(Dataset excerpts begins)

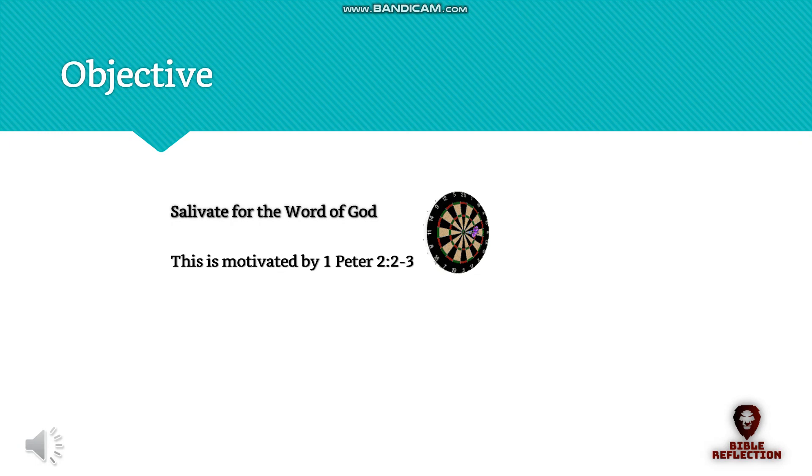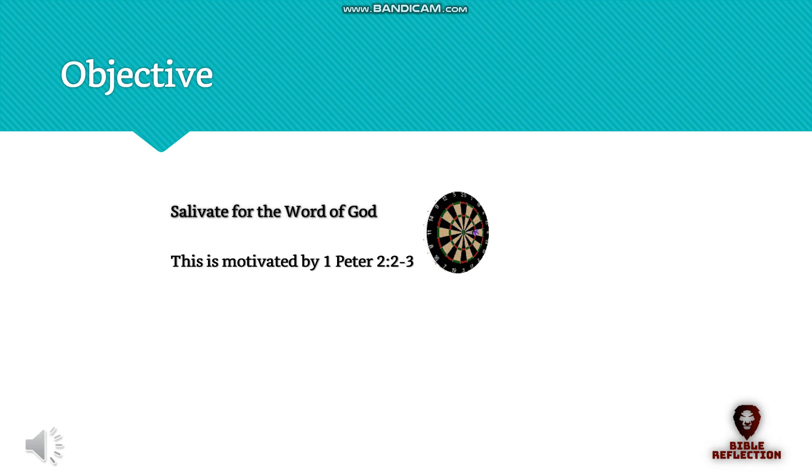The sole objective of this book is to attempt to make you salivate for the word of God. This is motivated by 1 Peter 2:2-3. We will follow the lead of the foundation and reference scriptures all the way through to the New Testament.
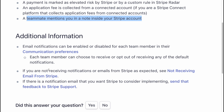If you are not receiving notifications or email from Stripe as expected, see 'Not receiving email from Stripe.' If there is a notification email that you want Stripe to consider implementing, send that feedback to Stripe support.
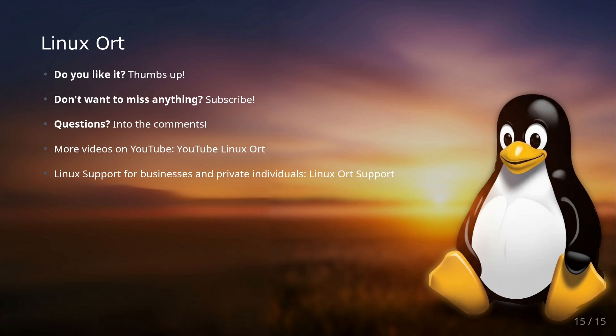I'll be very happy to see some of them. And if you need commercial Linux support as a business or as a private individual, just have a look at the link in the video description because we're also offering Linux support if you're interested. Thanks for watching and see you in the next one. Bye bye!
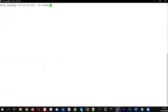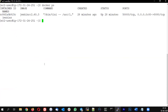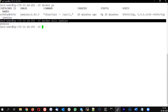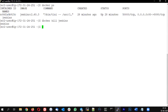Let's run docker ps. We can use docker kill jenkins — this will immediately kill the container. It's kind of a hard reboot of a machine.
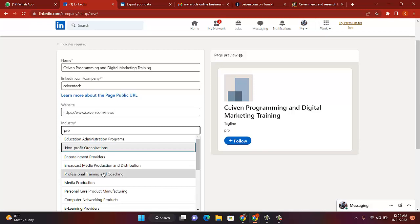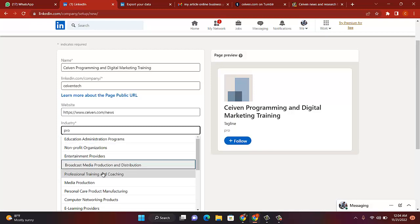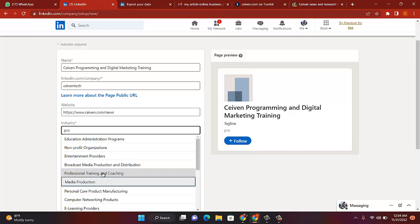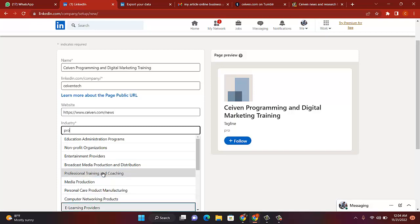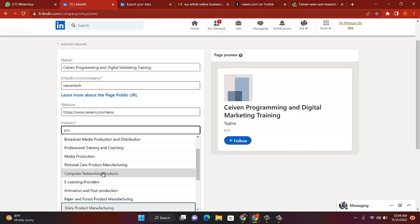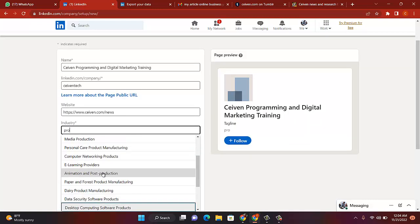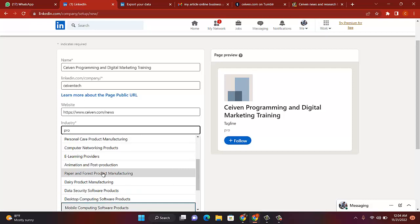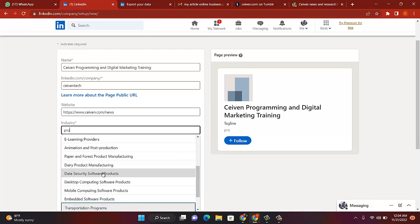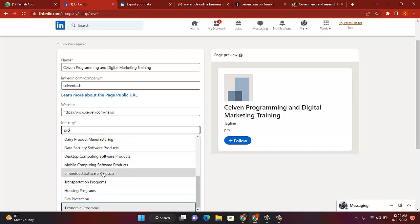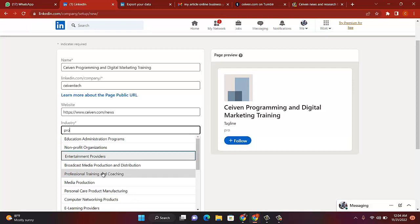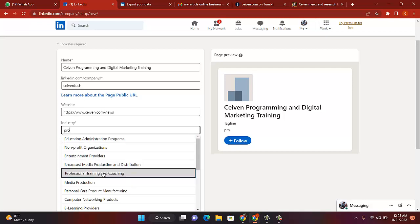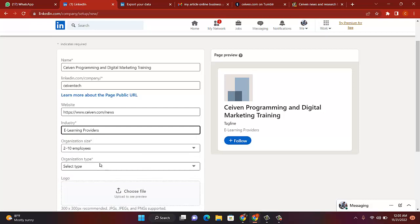Okay, if you don't see any work, I can put education since it's training. E-learning provider, that is good. E-learning provider is good for my own. I'm still trying to check something that's very, very close. Okay, let's choose e-learning provider.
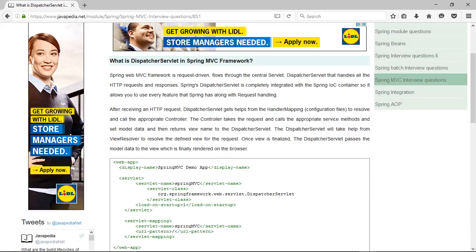What is Dispatcher Servlet in Spring MVC Framework? Spring Web MVC Framework is request-driven and flows through the central Servlet — the Dispatcher Servlet — that handles all the HTTP requests and responses. Spring's Dispatcher Servlet is completely integrated with the Spring IOC container, so it allows you to use every feature that Spring has along with request handling.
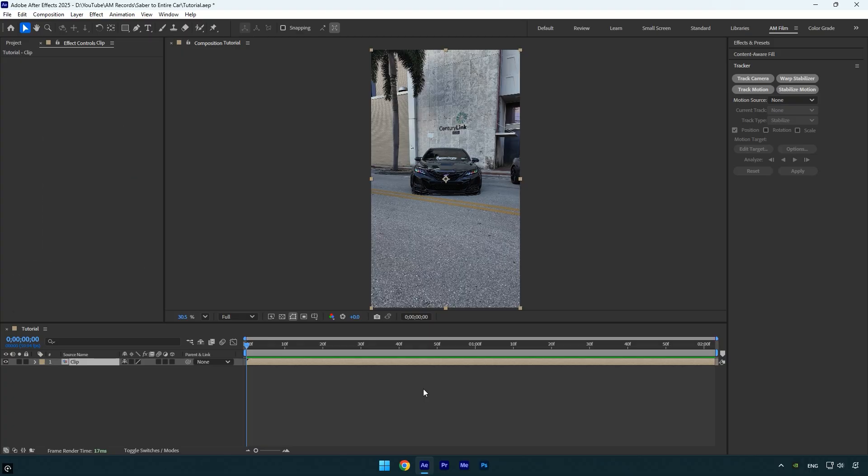As you already know, to apply the saber effect, you first need to mask the object. But masking out an entire car using standard masking tools or even Mocha AE can take hours and is just not practical for this effect. But there is a simple trick you can use.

(Dataset excerpts ends)

[Assignment]
Set down nothing but the lines from the one containing "What is Dispatcher" to the final line above, both included, with every picture left out.

[Exercise response]
What is Dispatcher Servlet in Spring MVC Framework? Spring Web MVC Framework is request-driven and flows through the central Servlet — the Dispatcher Servlet — that handles all the HTTP requests and responses. Spring's Dispatcher Servlet is completely integrated with the Spring IOC container, so it allows you to use every feature that Spring has along with request handling.
As you already know, to apply the saber effect, you first need to mask the object. But masking out an entire car using standard masking tools or even Mocha AE can take hours and is just not practical for this effect. But there is a simple trick you can use.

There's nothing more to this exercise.